La soluzione sembra essere la produzione di contenuti sia lunghi sia brevi. I racconti e le narrazioni a cui danno forma devono però essere inseriti all’interno di una strategia marketing e di comunicazione attenta al target di mercato e alle audience di riferimento, siano essi clienti acquisiti o potenziali, abitanti abituali degli spazi della Rete o semplici naviganti. Una strategia mista, ibrida dovrebbe permettere di raggiungere un numero maggiore di persone e soddisfare bisogni diversi, quelli di persone che amano i racconti lunghi (i romanzi o le serie televisive) e quelli che amano pillole di narrazione, non necessariamente tra loro collegate.

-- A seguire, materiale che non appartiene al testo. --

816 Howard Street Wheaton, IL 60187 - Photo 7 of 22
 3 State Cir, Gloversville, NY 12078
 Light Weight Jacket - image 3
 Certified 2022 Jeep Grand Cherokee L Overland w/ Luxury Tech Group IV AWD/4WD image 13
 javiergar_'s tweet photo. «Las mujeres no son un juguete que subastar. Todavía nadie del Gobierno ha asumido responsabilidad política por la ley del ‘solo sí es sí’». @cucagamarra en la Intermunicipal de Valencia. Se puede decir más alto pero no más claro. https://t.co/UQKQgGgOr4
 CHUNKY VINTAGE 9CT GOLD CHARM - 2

Il successo finale della narrazione frutto di una strategia mista dipenderà sempre da fattori molteplici, il primo dei quali non è comunque mai sotto il pieno controllo degli attori della narrazione. Il controllo è ormai nelle mano di Google, Facebook e aziende simili molto attente a gestire le loro applicazioni e attività online in modo da realizzare con successo i loro modelli di business. Il fatto che sia così lo dimostra il successo delle loro narrazioni, molto lontane dalle loro reali finalità reali, e tutte infarcite di concetti e pensieri che tanto piacciono agli utenti della Rete: libertà, democrazia, reputazione, visibilità, socialità. Social networking, conversazione, ecc. ecc. Molti naviganti e lettori della Rete così come molti autori e protagonisti dello storytelling sono contenti di credere alle favole che compongono le narrazioni dei protagonisti della rivoluzione tecnologica attuale ma dovrebbe maturare la consapevolezza che si tratta appunto di favole!